Accepted formats include pdb, pdb.gz, and cif? #10

Closed BinhongLiu closed 1 year ago

BinhongLiu commented 1 year ago

Hi. I tested the Embed entire dataset of PDB files script (https://github.com/awfderry/COLLAPSE#embed-entire-dataset-of-pdb-files) with some .cif structures, but it seemed to be that the .cif format was not accepted.

the log is here: (COLLAPSE) [ac1daawz21@login03 COLLAPSE-main]$ python embed_pdb_dataset.py /work/home/ac1daawz21/test/S1/1/ /work/home/ac1daawz21/test/S1/ --filetype cif Traceback (most recent call last): File "embed_pdb_dataset.py", line 23, in dataset = load_dataset(args.data_dir, args.filetype, transform=transform) File "/work/home/ac1daawz21/miniconda3/envs/COLLAPSE/lib/python3.8/site-packages/atom3d/datasets/datasets.py", line 441, in load_dataset raise RuntimeError(f'Unrecognized filetype {filetype}.') RuntimeError: Unrecognized filetype cif.

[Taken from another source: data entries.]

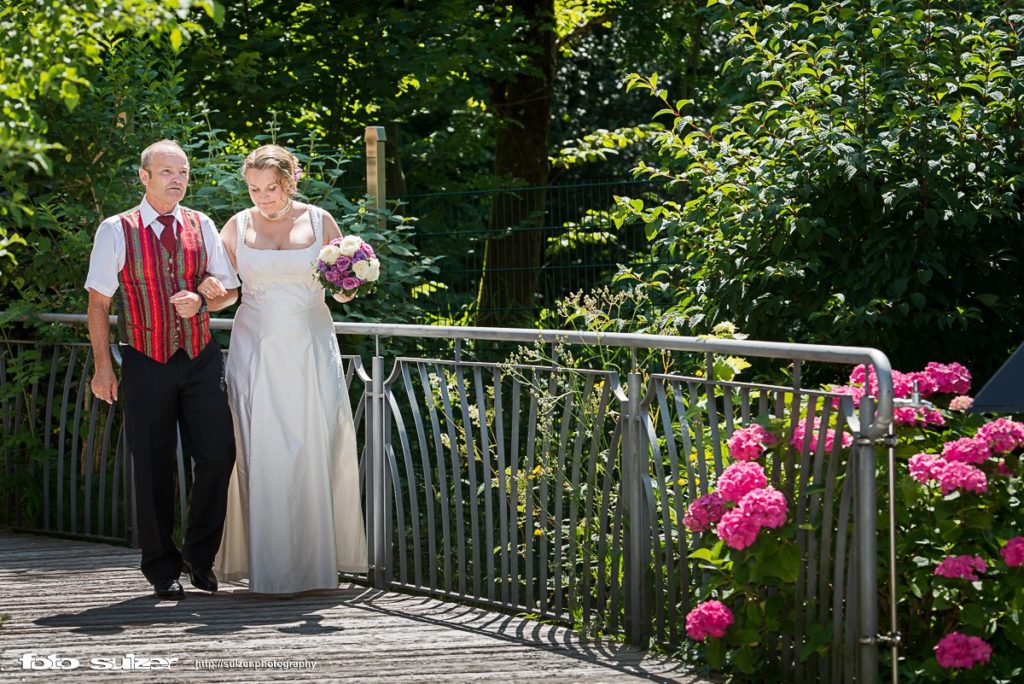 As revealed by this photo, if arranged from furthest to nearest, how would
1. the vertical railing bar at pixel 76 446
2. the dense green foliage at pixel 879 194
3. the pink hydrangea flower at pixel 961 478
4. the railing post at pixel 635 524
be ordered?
the vertical railing bar at pixel 76 446, the dense green foliage at pixel 879 194, the railing post at pixel 635 524, the pink hydrangea flower at pixel 961 478

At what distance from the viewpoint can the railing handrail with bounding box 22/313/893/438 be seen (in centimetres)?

awfderry commented 1 year ago

Sorry for the inconvenience, this appears to be due to the underlying ATOM3D function. There are two options to fix this for now: (1) pull the latest version of ATOM3D from here, or (2) convert your dataset to PDB format.

BinhongLiu commented 1 year ago

Yes! The latest version of ATOM3D supported the .cif format. Thanks!